:: Activity ::
Print the lines below from the line with "AUDI Q7 SUV TDI quattro 220 kW" to the line with "VOLVO VNM MIRROR" exactly, keeping both ends, and print no pictures.

:: Material for the task ::
+-------+
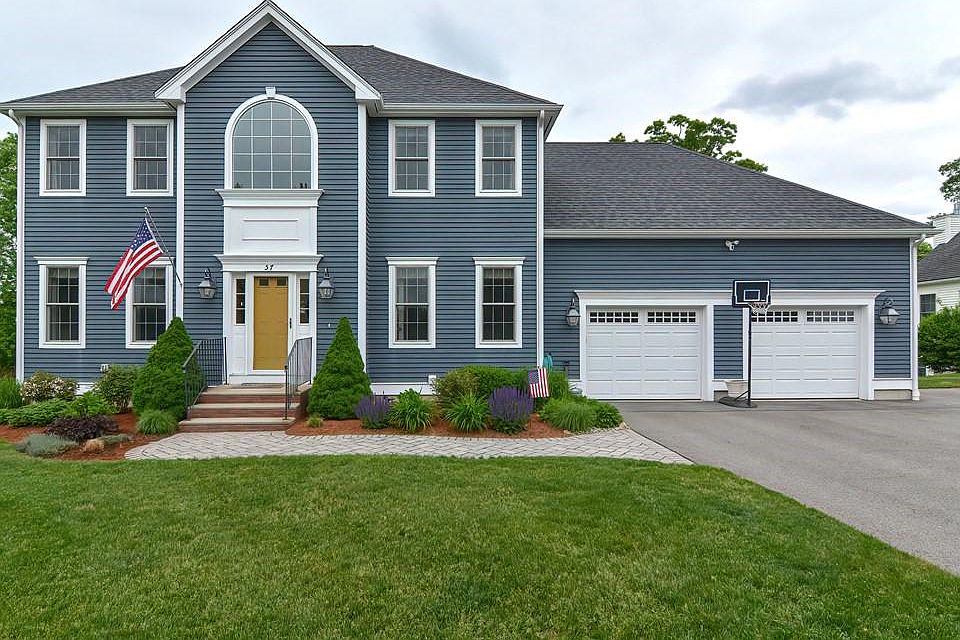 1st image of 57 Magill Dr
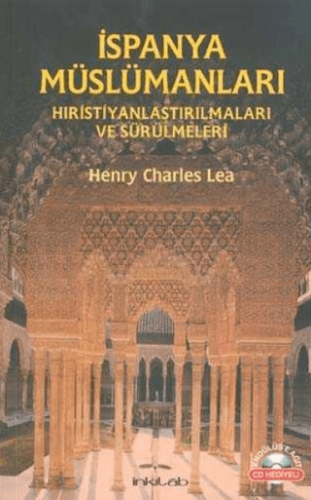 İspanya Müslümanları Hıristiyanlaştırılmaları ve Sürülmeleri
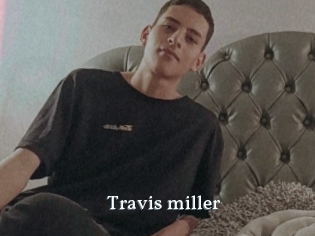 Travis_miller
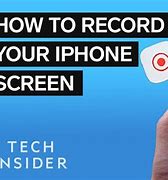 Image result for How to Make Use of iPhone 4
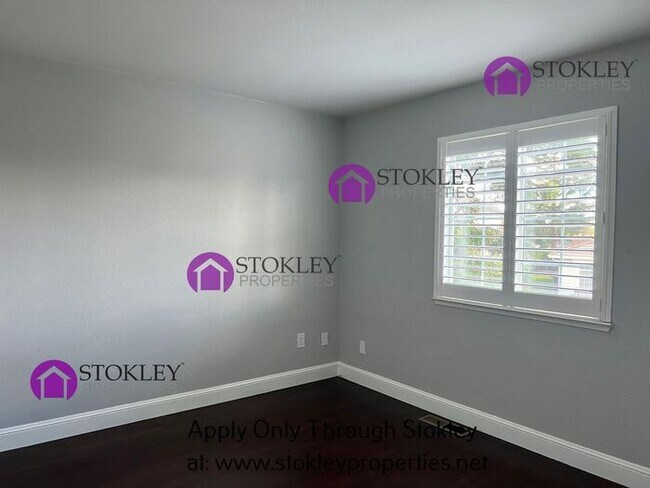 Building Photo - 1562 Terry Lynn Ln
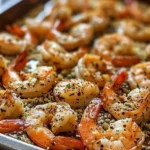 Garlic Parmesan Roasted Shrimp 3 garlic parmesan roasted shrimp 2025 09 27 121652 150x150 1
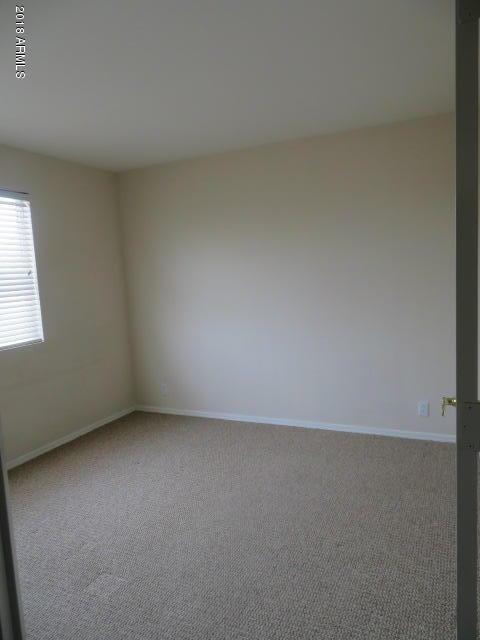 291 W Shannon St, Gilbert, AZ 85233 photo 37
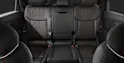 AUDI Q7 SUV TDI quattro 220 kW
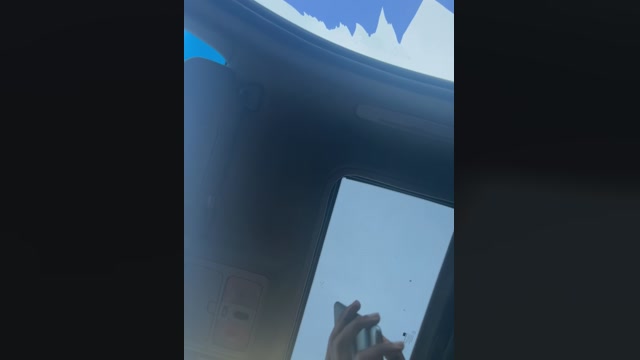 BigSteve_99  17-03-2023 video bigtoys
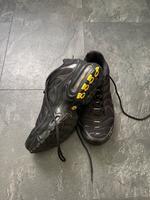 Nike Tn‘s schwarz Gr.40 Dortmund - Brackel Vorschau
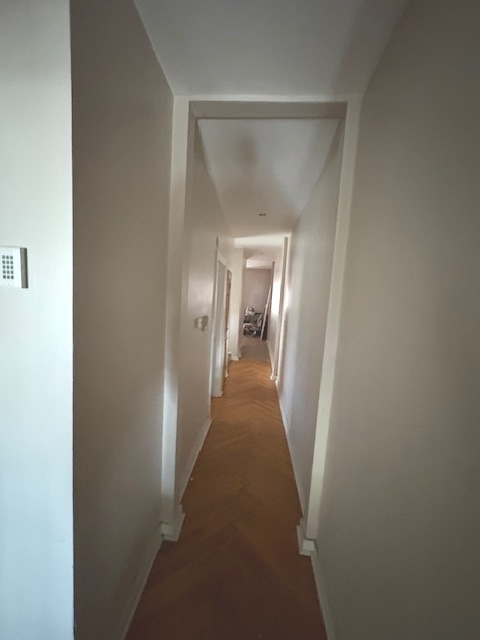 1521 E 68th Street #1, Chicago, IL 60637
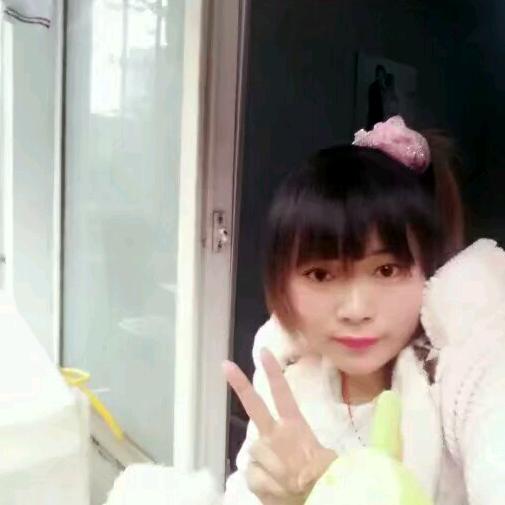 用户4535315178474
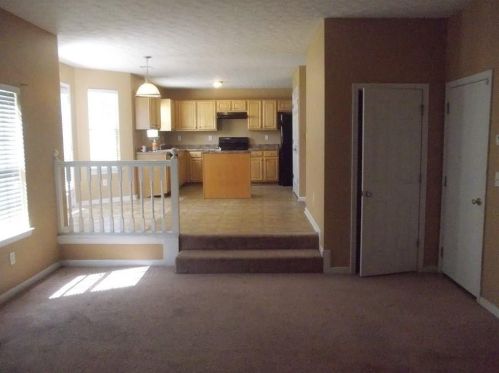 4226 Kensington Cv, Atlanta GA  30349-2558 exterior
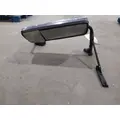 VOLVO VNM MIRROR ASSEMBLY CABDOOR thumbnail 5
+-------+
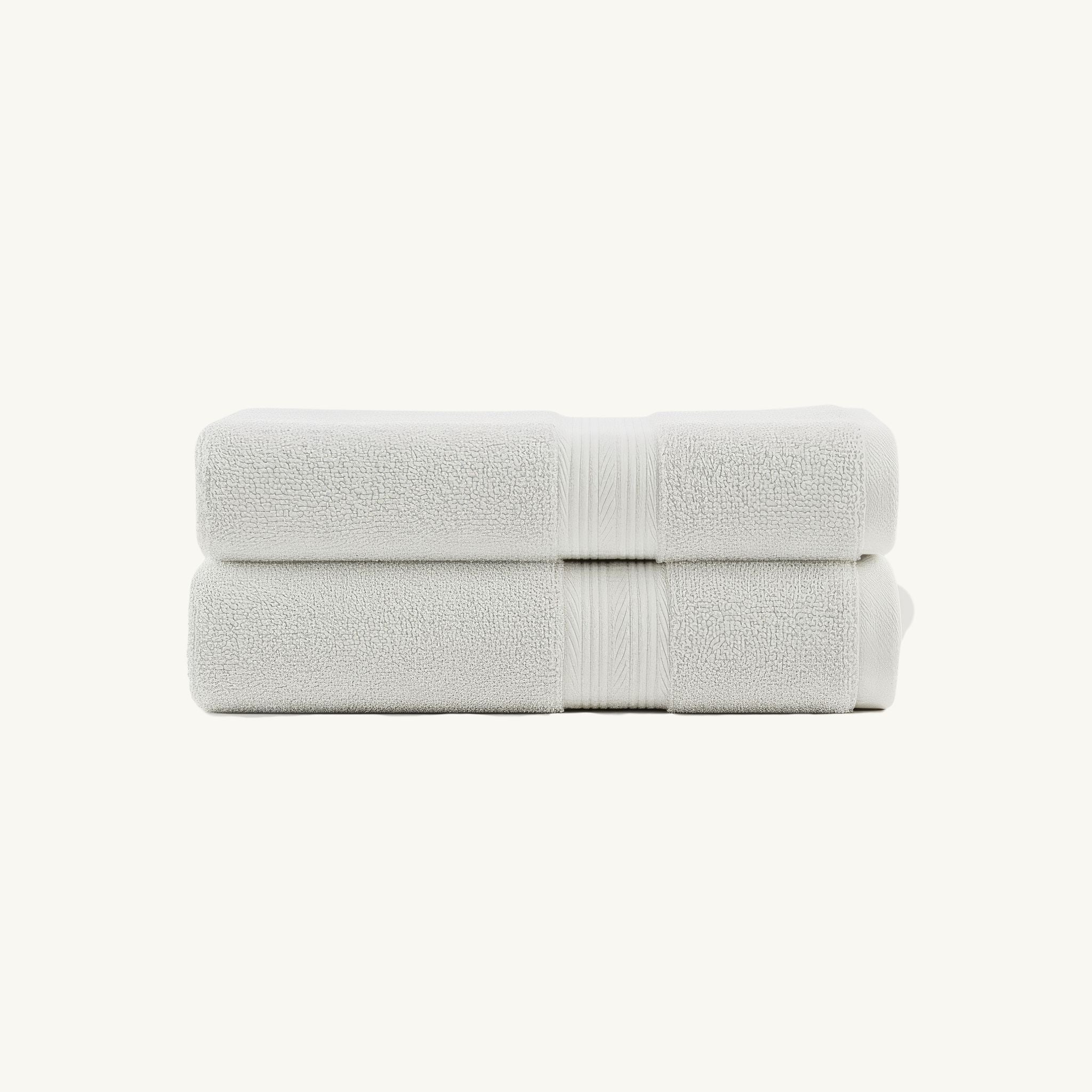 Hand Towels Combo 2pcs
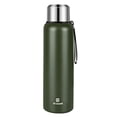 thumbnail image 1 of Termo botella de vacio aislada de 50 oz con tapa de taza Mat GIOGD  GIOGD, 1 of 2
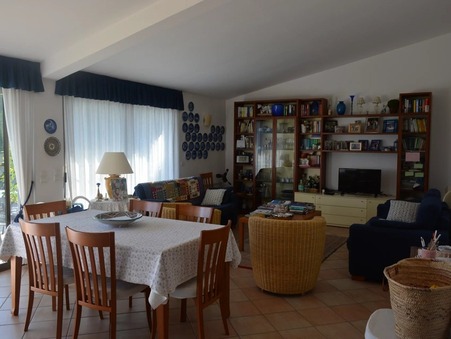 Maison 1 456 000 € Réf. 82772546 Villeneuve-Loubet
+-------+
:: Task result ::
 AUDI Q7 SUV TDI quattro 220 kW
 BigSteve_99  17-03-2023 video bigtoys
 Nike Tn‘s schwarz Gr.40 Dortmund - Brackel Vorschau
 1521 E 68th Street #1, Chicago, IL 60637
 用户4535315178474
 4226 Kensington Cv, Atlanta GA  30349-2558 exterior
 VOLVO VNM MIRROR ASSEMBLY CABDOOR thumbnail 5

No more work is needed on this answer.